Scientific Illiteracy
- Archived: Wed, 18 Jul 2001 15:16:00 -0400 (EDT)
- Date: Wed, 18 Jul 2001 14:53:15 -0400 (EDT)
- From: James Marple <jesl@carolina.net>
- Subject: Scientific Illiteracy
- X-topic: Permits and Rules
Fred Stoss: Agree that concerned citizens need to do serious homework if they are to speak out 'meaningfully' and not provide ammunition to 'anti-environmentalists'. But I've found that much of the false information that misguides concerned citizens originates with agents of profiteers.
Wordsmiths such as public agency managers, their spokespersons, consultants they hire and phony 'non-partisan' organizations (Like California's ubiquitous Water Education Foundation) work together with marvelous coordination to keep the public ignorant of ways in which its water and energy needs could supplied from local natural resources. (This is not accidental or amazing, since they all march to the same orders from Generals of the profiteer army.)
As an example: Californians are regularly informed by the mighty Metropolitan Water District, local water districts and most journalists that "An acre-foot can supply the household needs of one to two typical families for a year". (San Diego NC Times reporters get it right, though.) Yet in fact this 326,000 gallons equals the household needs of three families.

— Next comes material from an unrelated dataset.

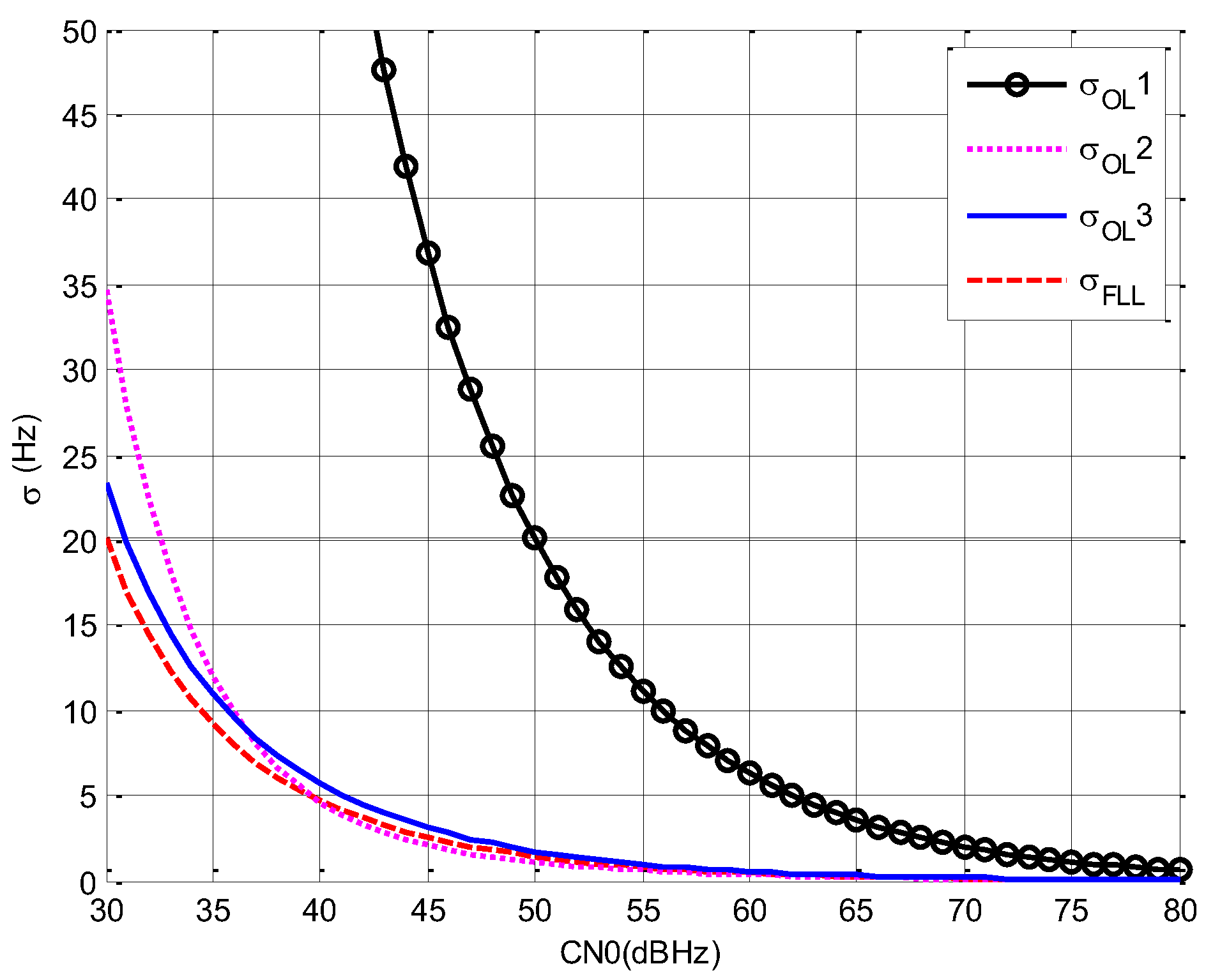Sensors 19 04700 g005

This doubling of perceived need for water bolstered the illusion of "looming shortages' (the "Chinatown II" scenario) that prodded even honest politicians into granting approval of a $16 billion MWD expansion that will merely match irrigation needs which should be filled by reuse of the much greater amount of wastewater dumped to the ocean yearly.
This is an enormously costly subsidy indeed, if you consider that in order to provide cheap water to 250,000 acres of commercial property it used up over 2 million megawatt-hours of electricity last year, enough to complement other deliberate wastes of cheap hydropower that together createc the illusion of an energy shortage that allowed theft of over $50 billion dollars through utility bills. (Expensive oranges and avocados, eh?)
Yes, education is critical. But this must include a course in recognizing both the blatantly false data and the blizzard of insidious deception that makes voters reject what common sense tell them about the promises of incumbent politicians who failed to put local rainfall to proper use as a means to eliminate flooding.